Eid al-Ghadir (عید الغدیر) is a major religious festival observed by Shia Muslims on 18 Dhu al-Hijjah, the twelfth month of the Islamic calendar. It commemorates the Event of Ghadir Khumm, during which the Prophet Muhammad declared Ali his mawla in front of a large gathering of Muslims. In Shia Islam, the declaration is understood as Muhammad's designation of Ali as his successor and the first Imam. The festival is particularly significant in Shia Islam and is regarded as one of the most important religious observances.

Shia Muslims commemorate the day through prayers, sermons, religious gatherings, charitable acts, and the exchange of congratulations and gifts. Some communities also hold public celebrations and distribute food and sweets. The day is also known by several other names, including Eid al-Wilayah (“Festival of Guardianship”), Eid-e Bozorg-e Elāhi (“The Greatest Divine Eid”), Eid Ahl al-Bayt Muhammad (“The Eid of the Household of Muhammad”), Yawm al-Wilayah (“Day of Guardianship”), and Ashraf al-Aʿyād (“The Most Exalted of Festivals”).

== Religious background ==

The event of Ghadir Khumm occurred ten years after the migration (Hijrah), when the Islamic prophet Muhammad ordered his followers to call upon people everywhere to join him in his first and last pilgrimage. Islamic scholars believe more than seventy thousand people followed Muhammad on his way to Mecca, where, on the fourth day of the month of Dhu'l-Hijja, there were more than one hundred thousand Muslims present for his entry into the city.

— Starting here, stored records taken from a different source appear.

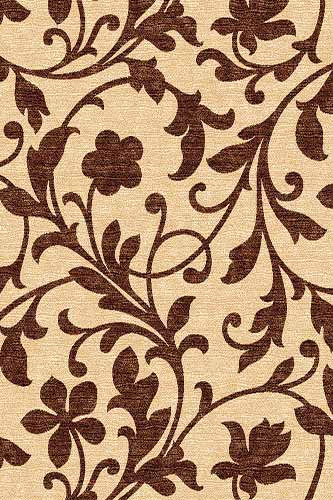 DIANA (Laguna) 56 Бежевый Коллекция Диана - это традиционное качество ковров, включает в себя как классические, так и абстрактные дизайны.  Цена за м2: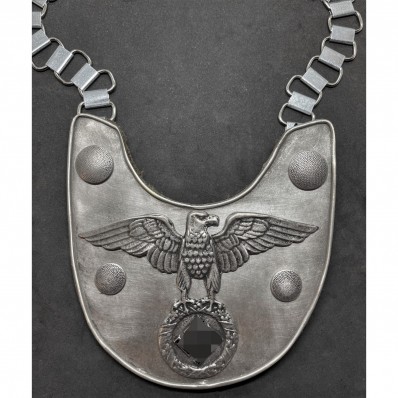 Gorget - Police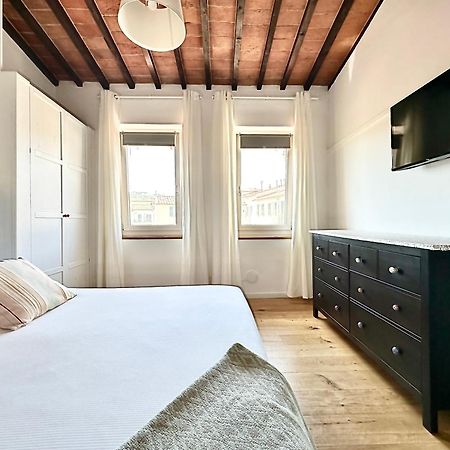Appartamento Warm Retreat In The Heart Of Florence Cls Station Esterno foto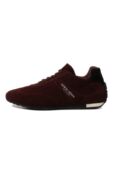 Замшевые кроссовки Tenis Giorgio Armani X1X042/XR256 фото 4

While returning from this pilgrimage, on 18 Dhu'l-Hijja 10 AH (March 632 CE) at an area known as Ghadir Khumm, Muhammad delivered a well-known sermon during which he called up his cousin, brother, and son-in-law Ali ibn Abi Talib and declared, "for whomever I am Mawla, Ali is also their Mawla". The meaning of the word Mawla can be interpreted as "master", and thus many see the sermon as being the official designation of Ali as Muhammad's successor.

As a result, the date of the sermon is considered to be one of the foundational events of Shia Islam, with the anniversary becoming one of its most important annual celebrations as "Eid al-Ghadir". To be more precise, Muhammad declared "Do I have more authority over you than you do yourselves?" They responded with "Yes oh prophet of Allah" He continued with " Then, to whomsoever I am Mawla, Ali is also their Mawla". While the meaning of the word Mawla can be interpreted as "friend" (as it has many meanings), the question asked set the context for it to be interpreted as "master" and in turn suggested “leader”.

== Celebration ==
In a hadith attributed to Muhammad recorded by Ibn Babawayh, Muhammad considers Ghadir Khum to be the best and highest of the festivals of his Ummah.
Shia Muslims throughout the world celebrate this event annually with diverse customs. It is held in different countries, including Iran, India, Pakistan, Azerbaijan, Iraq, UAE, Yemen, Afghanistan, Lebanon, Turkey, Bahrain, and Syria. Shia Muslims may also celebrate Eid Ghadir in Europe and the Americas, including the United States, Canada, United Kingdom, Germany, France.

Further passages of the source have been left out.